Bangladesh is considering removing the obligation of double fumigation in importing US cotton on a case-to-case basis – only after receiving a field-level inspection report from Ministry of Agriculture officials, according to media reports.
As per the report, a team of Ministry of Agriculture officials will visit the USA shortly to understand the cotton fumigation procedure there, sources added.

according to an official who attended the meeting said, Bangladesh has already conveyed this conclusion to the US officials at a high-level economic partnership consultation – held in Washington DC recently.
For long, the US cotton officials has long been urging Bangladesh to remove the obligation of double fumigation of cotton, being carried out after the item reaches the ports.
Also, the US requested to take into consideration certificates of credited labs, which would validate that the cotton is free of Boll Weevil, an insect whose larva can remain alive in cotton for nearly 11 months even after fumigation.

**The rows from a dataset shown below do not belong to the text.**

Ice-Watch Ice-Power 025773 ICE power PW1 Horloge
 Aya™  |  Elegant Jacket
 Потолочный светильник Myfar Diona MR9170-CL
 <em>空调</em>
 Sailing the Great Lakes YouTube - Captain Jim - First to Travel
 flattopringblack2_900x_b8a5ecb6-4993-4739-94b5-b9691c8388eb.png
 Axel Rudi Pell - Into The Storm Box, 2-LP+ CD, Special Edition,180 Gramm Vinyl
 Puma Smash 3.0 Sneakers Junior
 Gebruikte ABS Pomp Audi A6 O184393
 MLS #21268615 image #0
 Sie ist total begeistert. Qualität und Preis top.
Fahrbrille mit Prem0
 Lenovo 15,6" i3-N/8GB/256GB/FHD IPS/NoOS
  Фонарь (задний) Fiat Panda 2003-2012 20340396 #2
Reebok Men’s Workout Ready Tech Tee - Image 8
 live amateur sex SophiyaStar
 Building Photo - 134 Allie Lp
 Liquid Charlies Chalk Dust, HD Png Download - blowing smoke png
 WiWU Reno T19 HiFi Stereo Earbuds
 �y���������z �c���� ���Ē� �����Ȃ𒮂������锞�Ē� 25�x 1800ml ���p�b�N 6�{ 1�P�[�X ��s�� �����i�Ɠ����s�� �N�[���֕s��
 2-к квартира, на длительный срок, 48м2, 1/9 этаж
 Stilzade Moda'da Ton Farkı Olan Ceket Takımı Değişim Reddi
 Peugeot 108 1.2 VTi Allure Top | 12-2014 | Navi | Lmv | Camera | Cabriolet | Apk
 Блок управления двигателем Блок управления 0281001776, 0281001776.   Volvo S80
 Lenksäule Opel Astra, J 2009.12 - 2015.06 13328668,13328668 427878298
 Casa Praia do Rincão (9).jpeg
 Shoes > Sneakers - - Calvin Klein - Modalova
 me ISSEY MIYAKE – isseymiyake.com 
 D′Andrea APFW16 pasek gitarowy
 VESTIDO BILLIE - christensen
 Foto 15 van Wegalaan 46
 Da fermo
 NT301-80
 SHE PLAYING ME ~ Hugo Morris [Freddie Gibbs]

The US has been insisting that double fumigation of cotton has cost, and it is also a time-intense process, which dampens Bangladeshi millers to import US cotton.
In a recent meeting at the MoA, Ranjit Kumar Paul, Director of the Plant Quarantine Wing, Dept. of Agriculture Extension (DAE), recommended that the US cotton has to be declared pest-free, based on pest risk analysis, and has to be certified by the International Plant Protection Convention (IPPC).
Ranjit Kumar added that the US cotton can be imported based on their fumigation report, and the obligation of double fumigation can be weaved on case-to-case basis only afterwards.
US cotton holds 9% share in Bangladesh’s annual cotton import – and the USA cotton officials are hopeful that this can be increased up to 20% – if there is no such fumigation requirement, Bangladeshi spinners opined.